PWMU.CO– Ali bin Abu Thalib usianya masih sangat muda ketika berhijrah. Tapi pemuda ini berani luar biasa. Sewaktu Rasulullah keluar dari Mekkah untuk hijrah, dia berani tidur di ranjang Nabi Muhammad padahal dia tahu orang-kafir mengepung rumah untuk membunuh Nabi.
Dia mematuhi perintah Nabi tanpa ragu. Bersedia menggantikan posisi Nabi meskipun tahu itu membahayakan jiwanya. Orang-orang yang mengepung Nabi siap dengan pedang terhunus. Rencana pembunuhan ini gagal karena Nabi sudah keluar rumah tanpa diketahui pengepungnya.

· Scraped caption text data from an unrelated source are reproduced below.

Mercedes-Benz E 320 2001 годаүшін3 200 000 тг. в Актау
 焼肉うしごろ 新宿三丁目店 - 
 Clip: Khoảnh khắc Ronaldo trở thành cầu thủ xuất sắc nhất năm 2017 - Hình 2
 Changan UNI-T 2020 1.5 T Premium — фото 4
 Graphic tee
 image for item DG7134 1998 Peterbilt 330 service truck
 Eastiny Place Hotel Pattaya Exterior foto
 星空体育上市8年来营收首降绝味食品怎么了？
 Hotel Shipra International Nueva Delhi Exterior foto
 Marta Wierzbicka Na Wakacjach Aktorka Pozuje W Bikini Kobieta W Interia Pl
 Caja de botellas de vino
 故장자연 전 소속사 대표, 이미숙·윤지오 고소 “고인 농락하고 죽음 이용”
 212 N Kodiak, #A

Dalam buku Kisah Dramatik Hijrah dijelaskan, di saat Nabi dan para sahabat sudah keluar dari Mekkah untuk hijrah ke Madinah, Ali bin Abu Thalib masih tinggal di kota dalam situasi yang benar-benar mencekam mengingat permusuhan kafir Quraisy dengan orang muslim kian tajam.
Ali bin Abu Thalib mendapat amanat dari Nabi untuk mengembalikan barang-barang orang Quraisy yang dititipkan kepadanya. Ali mengirimkan barang-barang itu ke pemiliknya tanpa sembunyi-sembunyi. Dia keliling Mekkah di tengah konflik sengit yang sedang terjadi. Untuk mengembalikan barang-barang itu Ali membutuhkan waktu selama tiga hari.
Setelah semua tugas sudah diselesaikan, segera saja Ali meninggalkan Mekkah menyusul hijrah Nabi dan Abu Bakar. Seorang diri. Dia mengikuti jalur yang dilewati Rasulullah. Namun begitu tidak sempat bertemu di perjalanan.
Meskipun berangkat seorang diri, Ali tidak merasa gentar dan kesepian. Keinginannya bertemu dengan Nabi dan bergabung dengan kaum muslim di Madinah menguatkannya selama di perjalanan.
Menginap di Rumah Janda
Ali tiba di Quba tak lama setelah Rasulullah dan Abu Bakar sampai di tempat itu. Ali dan Rasulullah bertemu di desa Bani Amr bin Auf kemudian sama-sama singgah di rumah Kultsum bin Hidam. Setelah itu Ali menginap di tempat berbeda dengan Rasulullah. Ali tinggal di rumah seorang janda.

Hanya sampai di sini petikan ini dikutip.